About bathroom floor/plaster:

We are doing our bathroom floor in bricks mortared with clay - a solution
we have tried elsewhere in our community, and which works very well. For
this solution there are several important things to remember:

- Use only hard burned bricks suitable for outdoor use. Else the flor will
be worn down very quickly. Apart from that you can easily use a mixture of
bricks with different colours.

- The mortar needs more sand than the cob mixture or it will crack. We use
three times as much sand for mortar than we use for our cob mixture.

- Use some sort of fibre in the mortar used in the joints between the
bricks. Straw is too coarse for this, but we have succesfully used horse
manure, which is essentially half processed straw.
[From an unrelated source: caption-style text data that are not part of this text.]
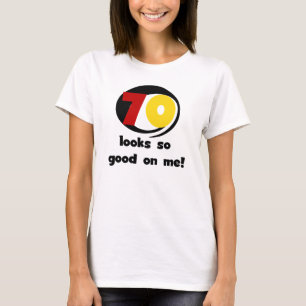 Tシャツとギフトで70個見える Tシャツ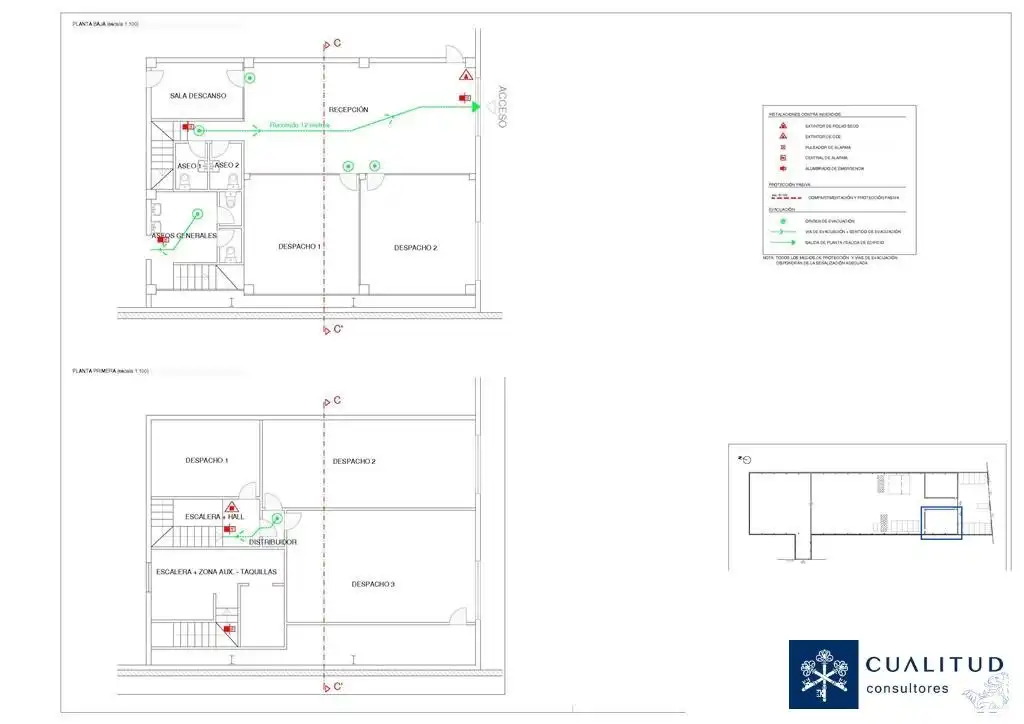 Industrial buildings for rent in Castellón de la Plana / Castelló de la Plana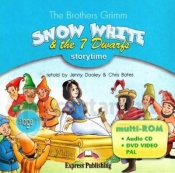 Snow White & the Seven Dwarfs Multi-ROM
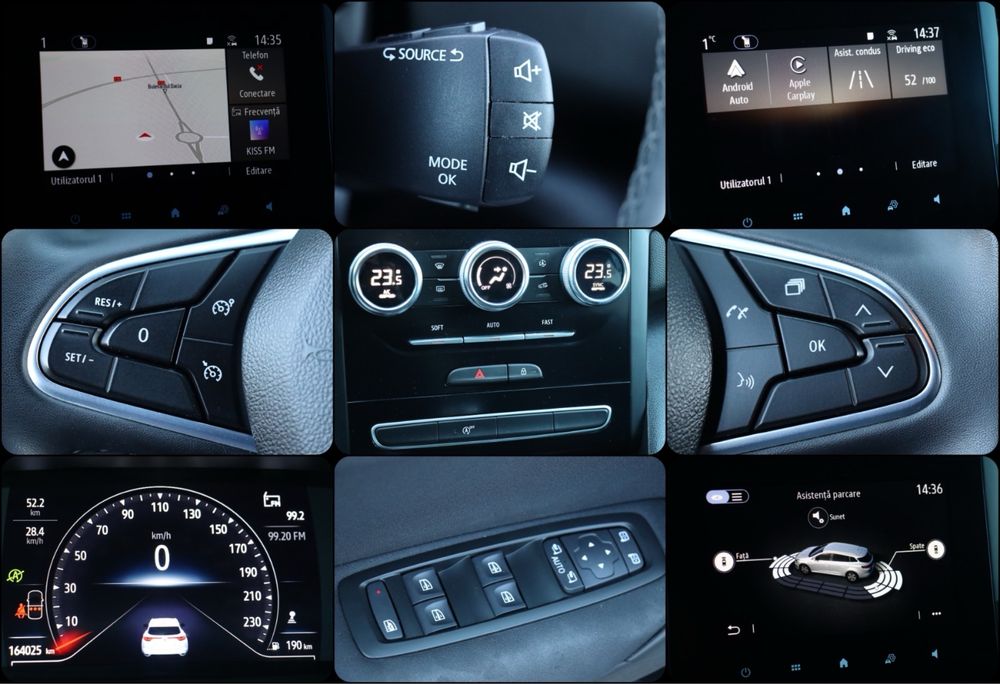 Renault Megane 2020 1,3 Benzină Inmatriculat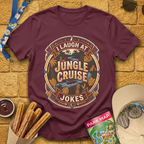 Jungle Cruise Jokes [TikiPop] T-Shirt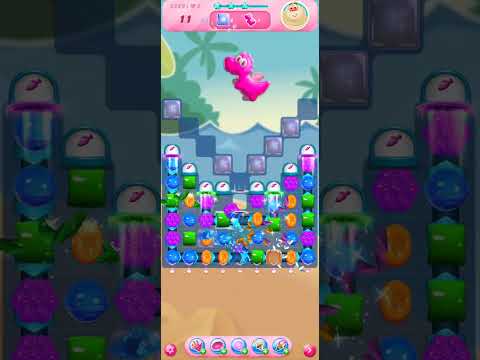 Level 2226, Candy Crush Saga, Walkthrough, Gameplay, No Commentary, Android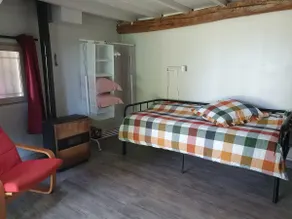 Studio in farmhouse, garden room - Image 4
- Let the floor dry completely, which might take a couple of months in a
moist climate, before treating it.

- Do not use plain linseed oil for treating the floor, unless you can wait
a couple of years for it to dry. We use linseed varnish, but Tonkin Laquer
made from tung oil is probably just as good or even better. The first time
you treat the floor it needs a LOT of varnish. Later you should ad varnish
once or twice a year, but then the bricks are saturated and needs only a
little coating.

If someone needs more detailed instruction in how to make a brick floor,
please write to me.

As for the bathroom / kitchen plaster the solution we have tried untill
now is good quality lime plaster coated with tung oil and then painted
with a painting based in linseed varnish. This works very well in a
private bathroom in one of the houses, but in our common house bathroom it
has turned out very badly indeed as we have mould growing in more and more
places.

The reasons are probably many: The house is a 150 year old brick house
with somwhat moist walls, the bathroom faces north, the room is very small
and too many people use it so it is comstantly moist, even with a lot of
ventilation.

So I can recommend the solution for not too small bathrooms in new
well-drained houses, used by relatively few people.